進行役の南波さんが選んだ今年のハロ曲は、一番筆頭にモーニング娘。’21の「よしよししてほしいの」が上がっています。そしてなぜその曲を選んだかについて説明するのですが、ここで「ぼうぎょのくだり」というフレーズが飛び出してきます。暴魚?いったいなんのことわざでしょう。実は私、今回のモーニング娘。の新曲で「よしよししてほしいの」については、題名だけでそこはかとない恥ずかしさを感じてしまい全然聴いてなかったのです。だから「ぼうぎょのくだり」と言われても意味が分かりません。ところが参加者は大盛り上がりです。でか美さんなどは、この曲のMVの内容を大仰にゆっくりと次のように話し始めます。

「笑顔が私の、防御ですから・・・。返事がいいのも、防御ですから・・・。優等生なのも、防御ですから・・・。みんなそれぞれに・・・防御があるんでしょうがと歌って小田さんが立ち上がるんですよ!」これでみな大ウケとなります。私はもう俄然興味がわいて、そのMVを視聴することになるのですが・・・はい、すみません。先ほど申し上げた通り、今の今までそのMVを見たことがありません。ユーチューブ検索欄に「よしよししてほしいの」と打って、エンターです。
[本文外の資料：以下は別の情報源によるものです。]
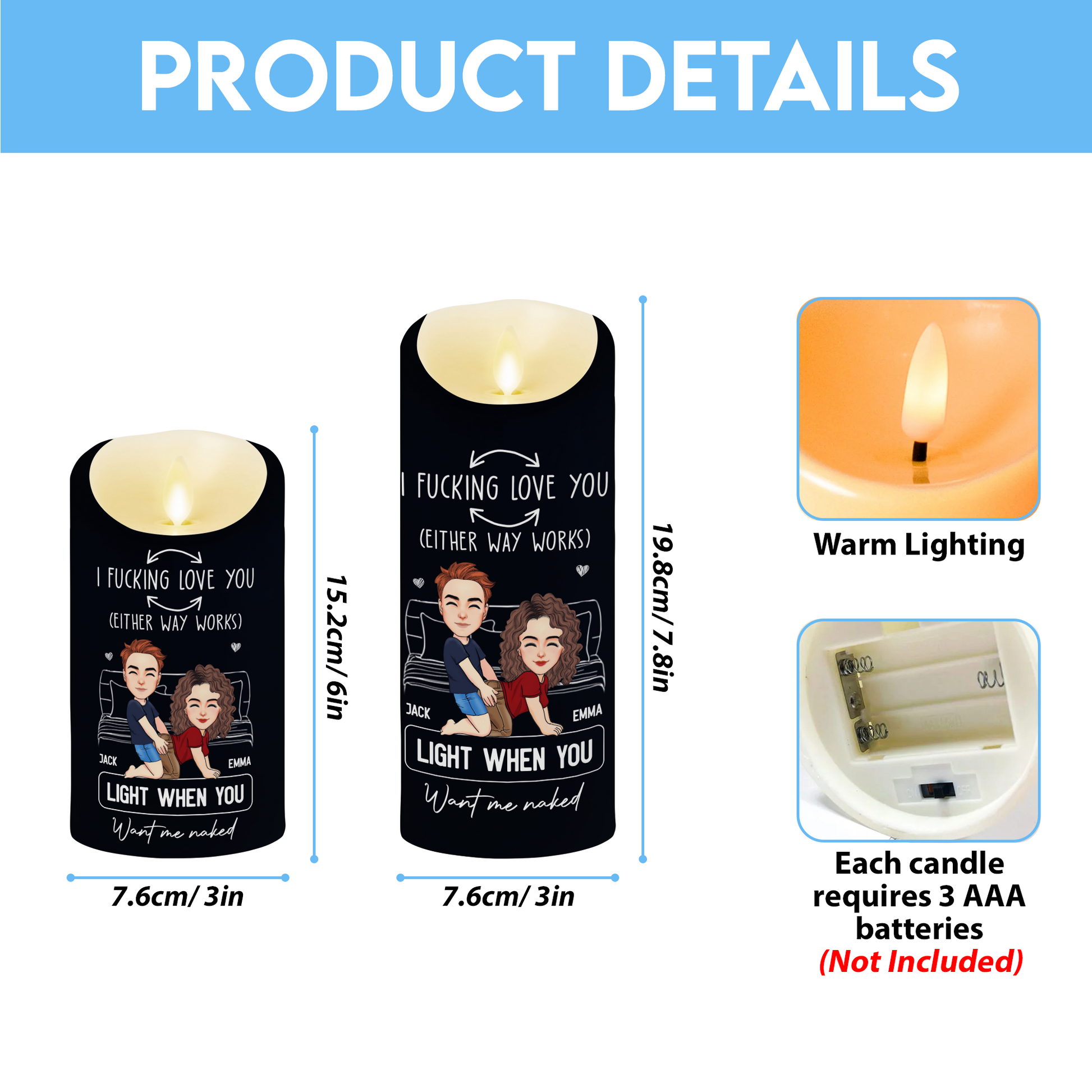 Led Candle Fck Love You Light When You Want Me Naked - Personalized LED Candle Pa00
音もなく、そのMVは始まります。画面いっぱいに女性の口元だけがクローズアップされています。女性は、右手の親指を下唇に這わせ、艶かしい様子で肩をひいて正面に向き直るのですが、依然口元しか映っておらず、また映像はアウトフォーカスにぼやけていきます。ここでイントロが始まります。女性は、佐藤さんです。卒業に合わせた新曲なのだから、当然彼女にフューチャーしたものとなるのでしょうが、しかし、この最初のファーストインプレッションが曲全体を通してひとつのテーマとなっていることが後々になって分かってきます。少なくとも、音もなく始まった冒頭部分で、「よしよししてほしいの」という語感から受ける甘くアンニュイなイメージはすべて吹き飛んでいきます。彼女の口元から、女性特有の美しさの裏側にあるしたたかな攻撃性が見て取れます。そんな表現ができるのはおそらく彼女しかおらず、つまり彼女が卒業しようがしまいが、この曲のテーマを決定づけるどあたまは、すべからく彼女であるべきと言えるでしょう。
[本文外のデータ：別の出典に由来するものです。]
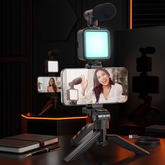 AY-49 Vlogging Kit Tripod Stand with Triple Light Setup | Video Making Kit for YouTube & Reels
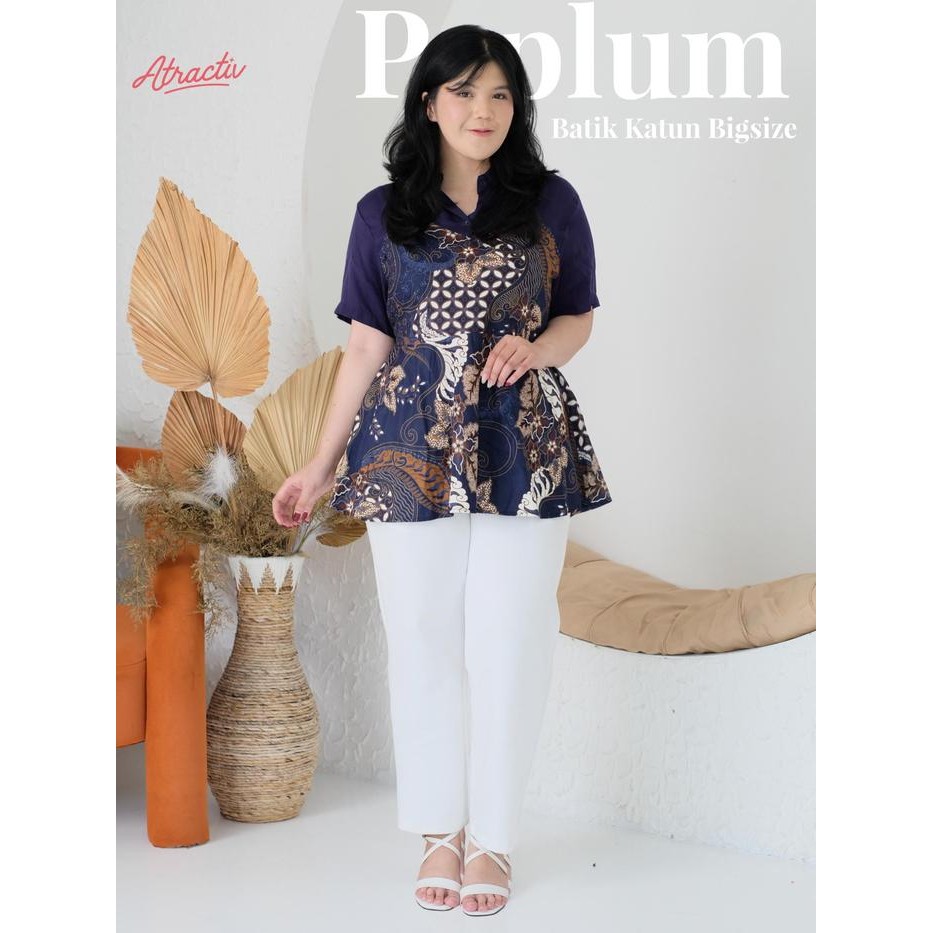 Atractiv Batik Peplum Lengan Pendek Jumbo Big Size Wanita #Gratisongkir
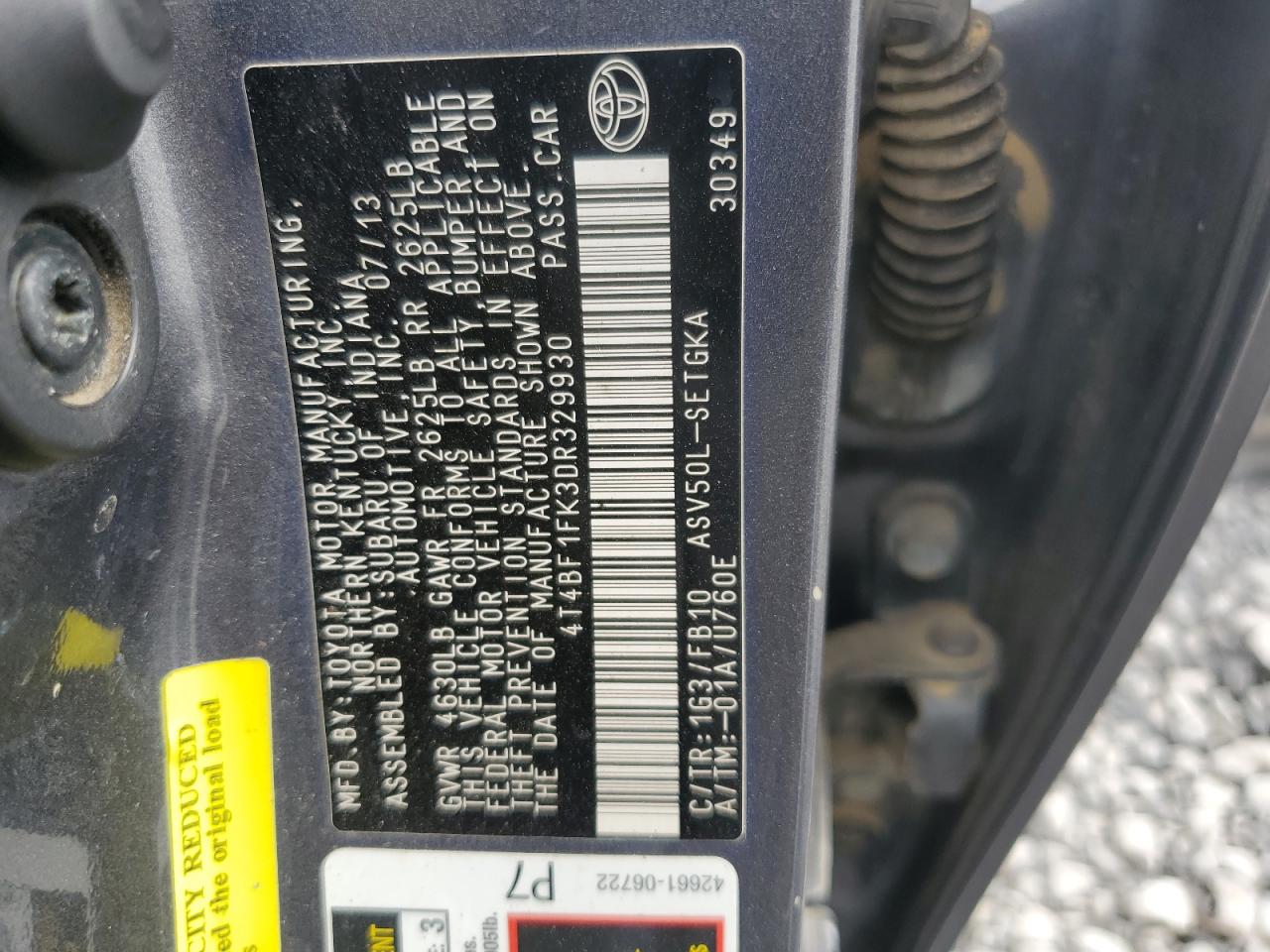 2013 Toyota Camry L VIN: 4T4BF1FK3DR329930 Lot: 70764055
MVの、イントロも始まらないわずか3秒でついつい興奮してしまいましたが、この調子で書いていっちゃうと全然終わらないので、曲全体の印象を語ると、もうとにかくカッコいいの一言に尽きます。そのうえ、例の「ぼうぎょのくだり」がリズミカルに畳み込んできます。そして、さらにこの曲の最大の見せ場があるんです。それは間奏部分なのですが、ここで私は佐藤さんの卒業コンサートで披露された「よしよししてほしいの」を思い出します。正確に言うと、MVを視聴している途中で「あの曲だ」ということに気がつきます。間奏部分では、エレクトリカルなサウンドが幾層にも折り重なり、まるで鏡の奥の鏡が延々と四方八方に広がっていき、自分の存在の在処が分からなくなってしまうような不思議な感覚を覚えます。あのコンサート中、私は間違いなくそのような体験をしたのですが、それはモーニング娘。が作り出すパフォーマンスによるものだったのか、それとも曲そのものが持つ魔力なのかは定かではありません。なぜならば既に私は、そのスピリチュアルな洗礼を受けており、今はもう正確な判断などできるはずもないからです。

ところで・・・佐藤さんがTikTokを始めた!と思ったら、立て続けに3つも動画を上げた!で、一発目が「内通者」って、やっぱわかってんだな。